Il mondo del lavoro di oggi è certamente molto diverso da quello novecentesco, tanto che parlate di mentedopera anziché di manodopera per indentificare i lavoratori del nuovo millennio. Cosa significa?
La trasformazione organizzativa indotta da un’incessante evoluzione tecnologica, per essere pienamente realizzata, necessita sempre più del pieno apporto cognitivo ed esperienziale delle persone. Questo comporta il passaggio dall’esecuzione routinaria e prefissata di mansioni standardizzate (come tali associate a rigide procedure e burocraticamente riassunte in una job description) all’assunzione di un ruolo che, in quanto tale, va “interpretato” da ciascuno liberando tutto il proprio potenziale. La fatica, la routine, la noia del lavoro appartengono alla fase in cui le aziende avevano bisogno della sola fisicità della manodopera. Oggi, anche sulle linee di produzione, è richiesto un lavoro diverso, maggiormente capace di utilizzare anche l’intelligenza, la cultura tecnica, la capacità di problem solving e di operare con una certa dose di discrezionalità operativa. Le aziende prima, o al pari, della capacità “di fare” nelle persone, a qualunque livello, cercano skill che dimostrino la capacità “di essere”, cercano dotazioni “immateriali” sempre più essenziali per lavorare e produrre risultati nell’epoca di “Impresa 4.0”. Mentedopera, appunto. Ed è proprio “mentedopera” che lo smart working inquadrato nei termini che abbiamo definito è capace di sviluppare nel quadro della grande trasformazione del lavoro e delle organizzazioni d’impresa che è da tempo in atto.

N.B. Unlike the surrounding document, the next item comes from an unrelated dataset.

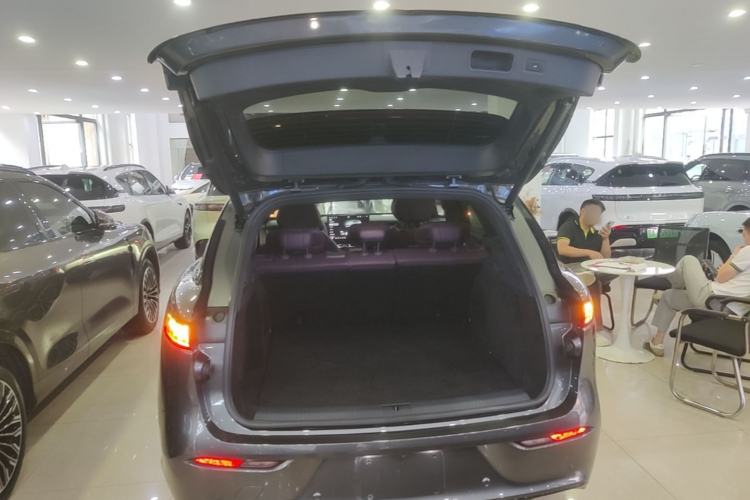 Used VOYAH FREE 2025 Model FREE+ Rear-Drive Qiankun Edition Trunk
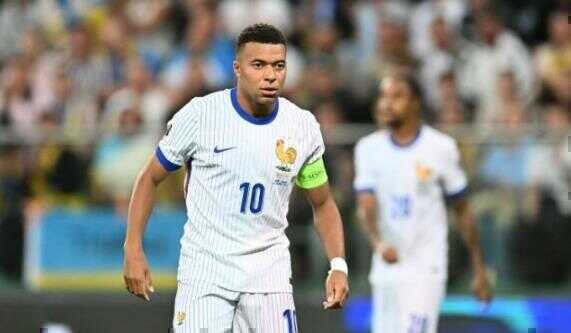 Mbappe là đầu tàu của Rea lẫn ĐTQG Pháp.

Parlando di diritti dei lavoratori non possiamo evitare di riflettere sul ruolo delle organizzazioni di rappresentanza. Voi parlate di Sindacato Smart: cosa intendete con questa espressione?

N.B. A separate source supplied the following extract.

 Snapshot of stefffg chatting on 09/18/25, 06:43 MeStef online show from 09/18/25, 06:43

Il sindacato è chiamato a raccogliere una sfida in buona parte inedita: trovare strumenti nuovi per intercettare i lavoratori anche se non fisicamente presenti in azienda, comunicando in forma nuova, creando spazi di dialogo attraverso strumenti usualmente non utilizzati. Se non innoverà le sue modalità di rappresentanza, il sindacato rischia di essere travolto dallo tsunami smart working.
Il libro contiente anche una selezione molto interessante di Case History di varie aziende (Findus, Lamborghini, Amplifon, Enel,ecc.) dove si fa brevemente il punto sulle misure adottate durante l'emergenza e sull'eredità di alcune misure che compongono quelle che avete intitolato "prospettive future". C'è un comune denominatore tra le varie scelte aziendali che avete raccolto?
Le testimonianze raccolte mostrano da un lato lo sviluppo di pratiche di “lavoro agile” figlie di una storia pregressa improntata a logiche di benessere organizzativo, dall’altro una capacità di affrontare anche una grave emergenza come quella pandemica riprogettando il mindset organizzativo in modo tale da armonizzare l’innovazione imposta dalle tecnologie con le esigenze dei lavoratori e delle lavoratrici. Sono loro i primi e ineludibili stakeholders dell’organizzazione.